As a pastor, you get to hear a lot of secrets; but how often do you get to tell your own? I don’t know if you have ever told somebody a secret, but it feels really good. Whether it’s a secret about some new direction your life is taking, or about the surprise party you’re throwing for your best friend’s birthday, or the news about a baby on the way, getting it off your chest and into the air, into someone else’s brain, is a freeing sensation.
But there are plenty of secrets that don’t sound so great. Mistakes we’ve made that we don’t want anyone else to know. Habits we’re embarrassed about. A past we’ve hidden because we fear rejection. What about those secrets? Could it feel good to let those out?
But what might happen?
I recently sat down for breakfast with a mentor of mine that I hadn’t seen for about a year and a half. I had gone through some changes in my life, and I wanted to fill him in and ask for his counsel. To do so, however, I had to tell him about mistakes I had made, choices I had made that caused me to feel really ashamed of myself.
And in that moment, the thought of sharing those secrets was absolutely no fun.

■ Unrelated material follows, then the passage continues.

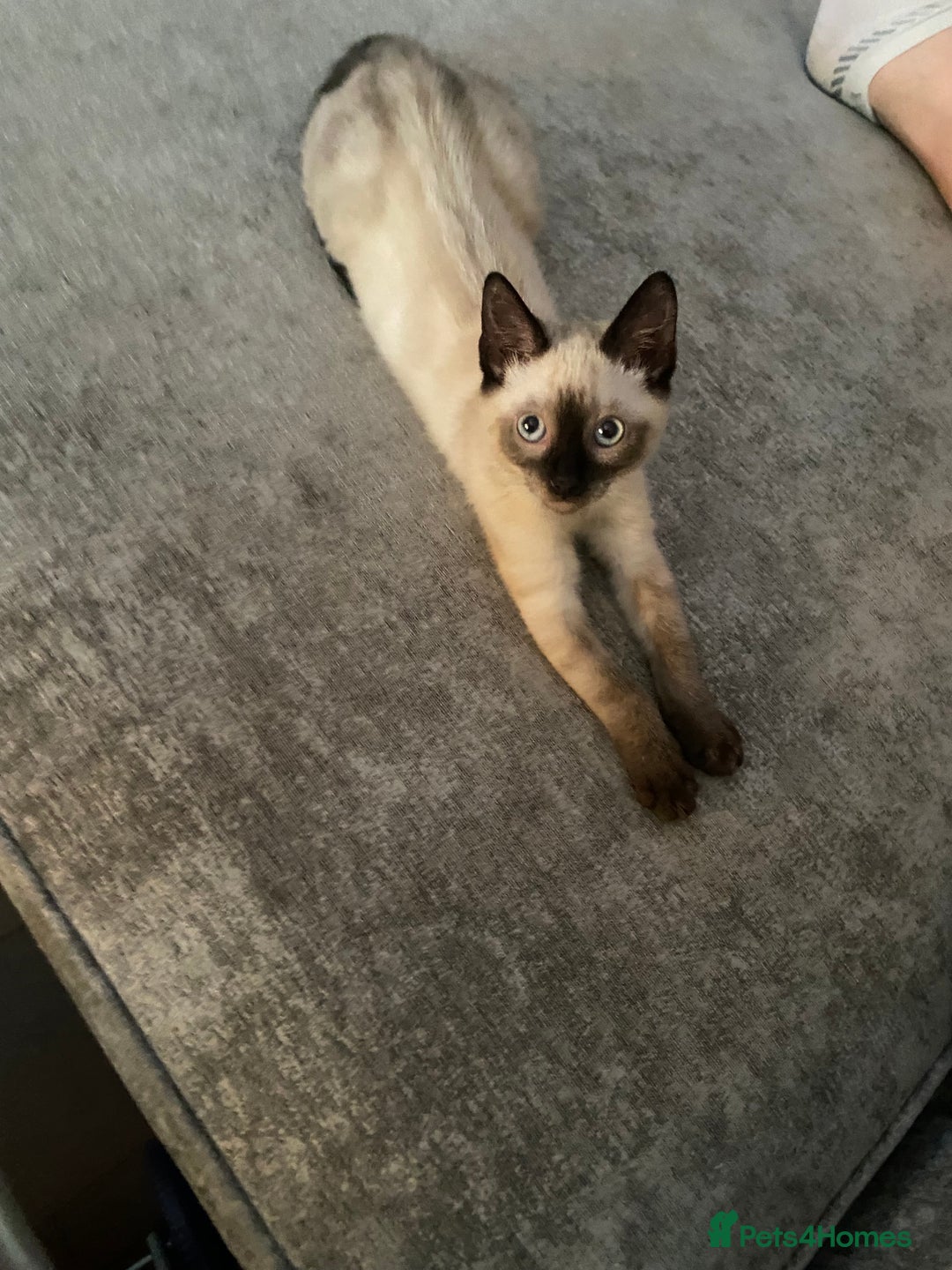 Balinese cats for sale: Male Balinese 1yr old - Image 4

In my head, I walked through all kinds of scenarios, all of them involving this man that I looked up to so much being disappointed in me, telling me he expected better, telling me I should be ashamed.
But when I actually spilled the beans, and told him about it, he looked me in the eye and told me he understood, and that he was here for me, and that he was still proud of me. And you know what else he said? This:
“There, but for the grace of God, go I.”
Whether we’re keeping secrets or hearing them, it’s true for all of us.